The investor Walter Schloss worked from 9-5, barely left his office, and wasn’t considered an entirely high IQ man, but he compiled one of the great investment records of all time. A young Mark Zuckerberg could hardly be described as a prototypical manager or businessperson, yet somehow built one of the most profitable companies in the world by finding others that complemented his weaknesses.

Our narratives about the type of knowledge or experience we must have or the type of people we must be in order to become successful are often quite wrong; in fact, they border on naive. We think people who talk well can do well, and vice versa. This is simply not always so.

We won’t claim that great doers cannot be great talkers, rationalizers, or intellectuals. Sometimes they are. But if you’re seeking to understand the world properly, it’s good to understand that the two traits are not always co-located.

Success, especially in some “narrow” area like plumbing, programming, trading, or marketing, is often achieved by rather non-intellectual folks. Their evolutionary fitness doesn’t come from the ability to talk but do.

The Green Lumber Fallacy

Taleb calls this divergence the Green Lumber Fallacy, after a story in the book What I Learned Losing a Million Dollars.

As Taleb describes it in Antifragile:

In one of the rare noncharlatanic books in finance, descriptively called What I Learned Losing a Million Dollars, the protagonist makes a big discovery. He remarks that a fellow named Joe Siegel, one of the most successful traders in a commodity called “green lumber,” actually thought it was lumber painted green (rather than freshly cut lumber, called green because it had not been dried). And he made it his profession to trade the stuff! Meanwhile the narrator was into grand intellectual theories and narratives of what caused the price of commodities to move, and went bust.

It is not just that the successful expert on lumber was ignorant of central matters like the designation “green.” He also knew things about lumber that nonexperts think are unimportant. People we call ignorant might not be ignorant.

The fact that predicting the order flow in lumber and the usual narrative had little to do with the details one would assume from the outside are important.

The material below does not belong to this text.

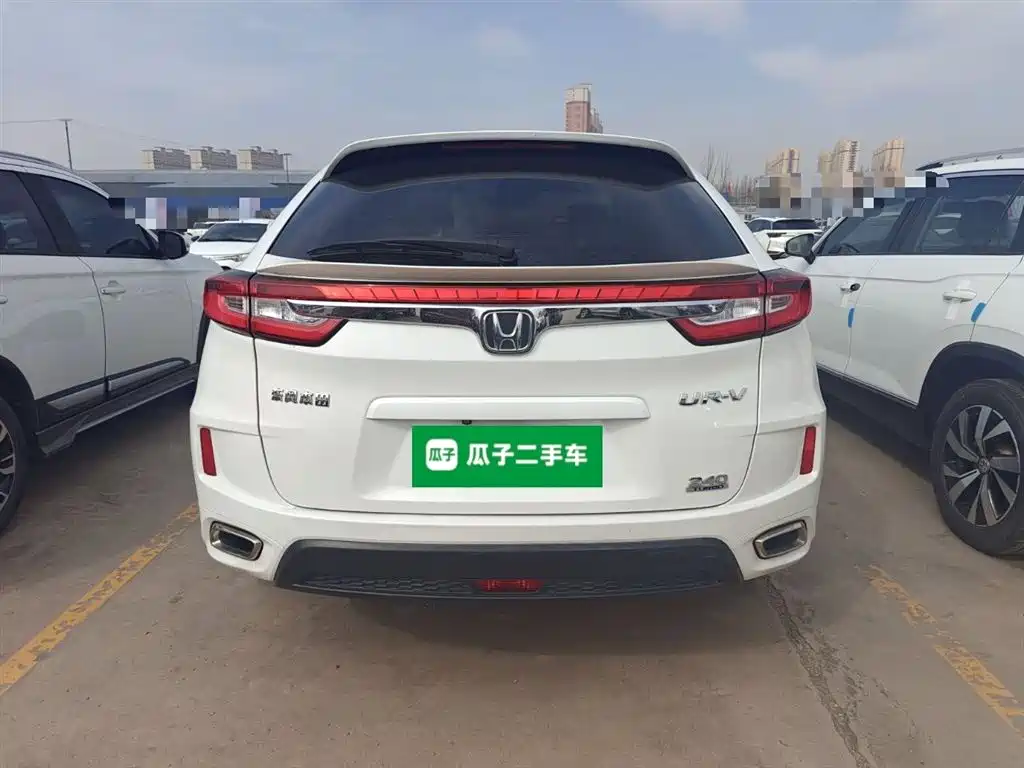 Honda UR-V 240 TURBO 2 WD Classic CN-V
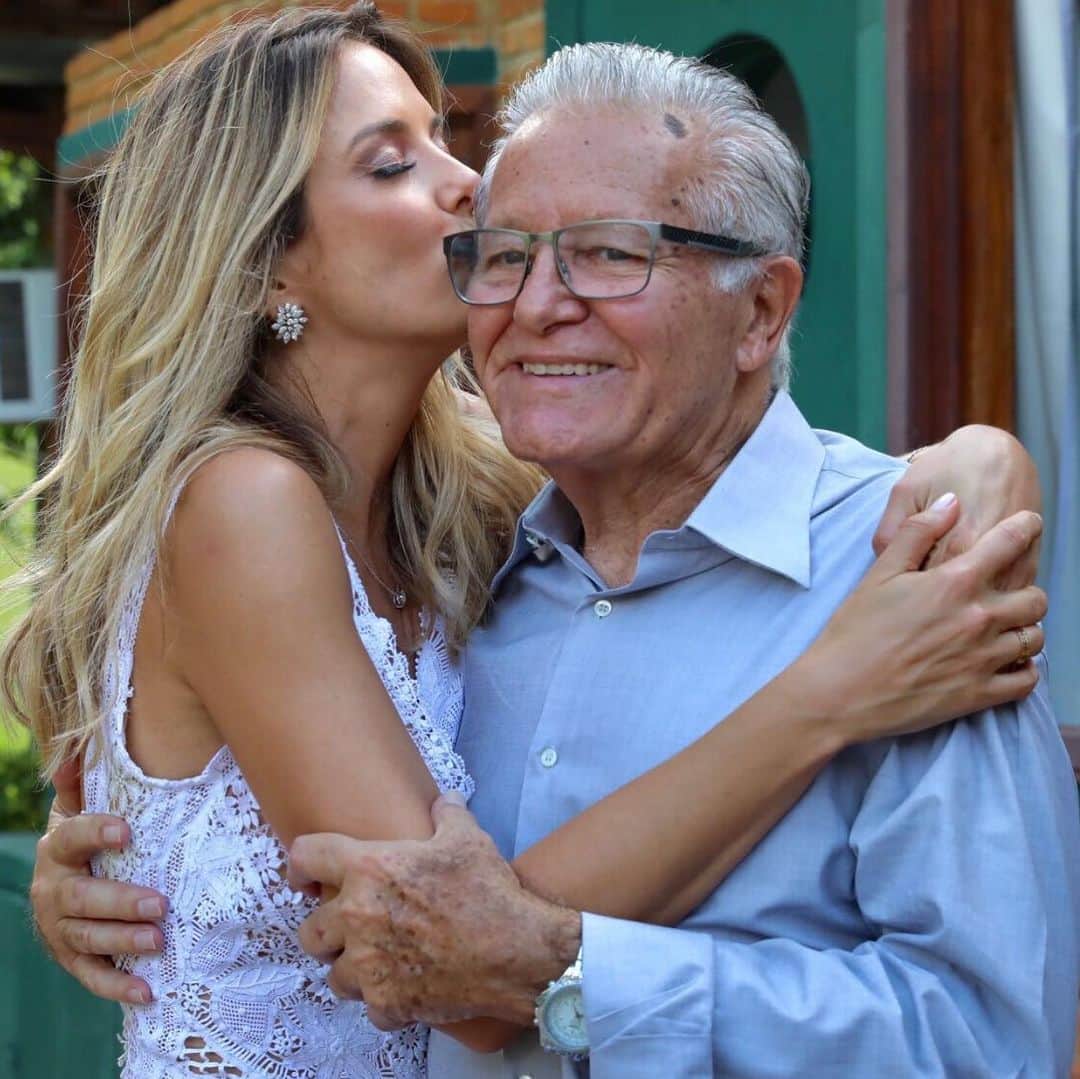 Tic iPinheiroのインスタグラム：「Hoje o dia é todinho do meu pai. Feliz aniversário meu amor, que seu ano seja maravilhoso, que você tenha muita saúde e continue fazendo as pessoas rirem com suas piadas, camisetas engraçadas, seu jeito divertido e essa alegria de viver que todos amam. Obrigada por ser o melhor pai que eu poderia ter. Obrigada por tudo paizinho. Te amo infinito. Curta muito seu dia com a mamãe e o Fefê ai em Maceió! Amo vc❤️」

People who do things in the field are not subjected to a set exam; they are selected in the most non-narrative manager—nice arguments don’t make much difference. Evolution does not rely on narratives, humans do. Evolution does not need a word for the color blue.

So let us call the green lumber fallacy the situation in which one mistakes a source of visible knowledge — the greenness of lumber — for another, less visible from the outside, less tractable, less narratable.

The main takeaway is that the real causative factors of success are often hidden from us. We think that knowing the intricacies of green lumber are more important than keeping a close eye on the order flow. We seduce ourselves into overestimating the impact of our intellectualism and then wonder why “idiots” are getting ahead.

But for “skin in the game” operations, selection and evolution don’t care about great talk and ideas unless they translate into results. They care what you do with the thing more than that you know the thing. They care about actually avoiding risk rather than your extensive knowledge of risk management theories. (Of course, in many areas of modernity there is no skin in the game, so talking and rationalizing can be and frequently are selected for.)

As Taleb did with his hiring heuristic, this should teach us to be a little skeptical of taking good talkers at face value, and to be a little skeptical when we see “unexplainable” success in someone we consider “not as smart.” There might be a disconnect we’re not seeing because we’re seduced by a narrative. (A problem someone like Lee Kuan Yew avoided by focusing exclusively on what worked.)

We don’t have to give up our intellectual pursuits in order to appreciate this nugget of wisdom; Taleb is right, but it’s also true that combining the rigorous, skeptical knowledge of “what actually works” with an ever-improving theory structure of the world might be the best combination of all — selected for in many more environments than simple git-er-done ability, which can be extremely domain and environment dependent. (The green lumber guy might not have been much good outside the trading room.)